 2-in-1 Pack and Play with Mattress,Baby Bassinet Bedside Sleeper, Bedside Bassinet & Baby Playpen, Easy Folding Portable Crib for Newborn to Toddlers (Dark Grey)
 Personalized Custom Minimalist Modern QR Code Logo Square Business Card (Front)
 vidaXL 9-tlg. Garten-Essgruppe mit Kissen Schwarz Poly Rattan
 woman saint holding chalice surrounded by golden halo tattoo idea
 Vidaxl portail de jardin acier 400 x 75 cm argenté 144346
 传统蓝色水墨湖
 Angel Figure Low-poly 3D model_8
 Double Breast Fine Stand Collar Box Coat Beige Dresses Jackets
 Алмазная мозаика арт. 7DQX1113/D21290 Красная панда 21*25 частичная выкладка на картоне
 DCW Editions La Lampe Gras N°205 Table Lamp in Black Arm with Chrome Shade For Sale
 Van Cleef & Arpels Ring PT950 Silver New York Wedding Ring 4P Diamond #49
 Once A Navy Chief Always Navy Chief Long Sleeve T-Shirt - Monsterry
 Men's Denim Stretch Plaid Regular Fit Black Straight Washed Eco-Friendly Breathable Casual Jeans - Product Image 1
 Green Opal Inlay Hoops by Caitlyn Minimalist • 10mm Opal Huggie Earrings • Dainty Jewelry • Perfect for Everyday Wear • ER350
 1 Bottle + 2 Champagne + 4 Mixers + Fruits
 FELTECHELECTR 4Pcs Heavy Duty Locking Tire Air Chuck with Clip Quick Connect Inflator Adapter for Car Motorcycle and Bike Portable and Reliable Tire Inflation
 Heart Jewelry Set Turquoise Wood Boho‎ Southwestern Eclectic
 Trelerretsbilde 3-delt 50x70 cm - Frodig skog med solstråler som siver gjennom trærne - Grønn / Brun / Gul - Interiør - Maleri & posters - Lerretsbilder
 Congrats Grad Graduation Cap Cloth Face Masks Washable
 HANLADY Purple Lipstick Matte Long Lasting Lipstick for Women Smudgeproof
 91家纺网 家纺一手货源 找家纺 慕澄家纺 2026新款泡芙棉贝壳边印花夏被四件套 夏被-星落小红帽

▬▬▬

**WORK ITEM**. Repeat the records above line by line, from the first line through the line that contains "HANLADY Purple Lipstick".

**RESPONSE TO THE EXERCISE**.
 2-in-1 Pack and Play with Mattress,Baby Bassinet Bedside Sleeper, Bedside Bassinet & Baby Playpen, Easy Folding Portable Crib for Newborn to Toddlers (Dark Grey)
 Personalized Custom Minimalist Modern QR Code Logo Square Business Card (Front)
 vidaXL 9-tlg. Garten-Essgruppe mit Kissen Schwarz Poly Rattan
 woman saint holding chalice surrounded by golden halo tattoo idea
 Vidaxl portail de jardin acier 400 x 75 cm argenté 144346
 传统蓝色水墨湖
 Angel Figure Low-poly 3D model_8
 Double Breast Fine Stand Collar Box Coat Beige Dresses Jackets
 Алмазная мозаика арт. 7DQX1113/D21290 Красная панда 21*25 частичная выкладка на картоне
 DCW Editions La Lampe Gras N°205 Table Lamp in Black Arm with Chrome Shade For Sale
 Van Cleef & Arpels Ring PT950 Silver New York Wedding Ring 4P Diamond #49
 Once A Navy Chief Always Navy Chief Long Sleeve T-Shirt - Monsterry
 Men's Denim Stretch Plaid Regular Fit Black Straight Washed Eco-Friendly Breathable Casual Jeans - Product Image 1
 Green Opal Inlay Hoops by Caitlyn Minimalist • 10mm Opal Huggie Earrings • Dainty Jewelry • Perfect for Everyday Wear • ER350
 1 Bottle + 2 Champagne + 4 Mixers + Fruits
 FELTECHELECTR 4Pcs Heavy Duty Locking Tire Air Chuck with Clip Quick Connect Inflator Adapter for Car Motorcycle and Bike Portable and Reliable Tire Inflation
 Heart Jewelry Set Turquoise Wood Boho‎ Southwestern Eclectic
 Trelerretsbilde 3-delt 50x70 cm - Frodig skog med solstråler som siver gjennom trærne - Grønn / Brun / Gul - Interiør - Maleri & posters - Lerretsbilder
 Congrats Grad Graduation Cap Cloth Face Masks Washable
 HANLADY Purple Lipstick Matte Long Lasting Lipstick for Women Smudgeproof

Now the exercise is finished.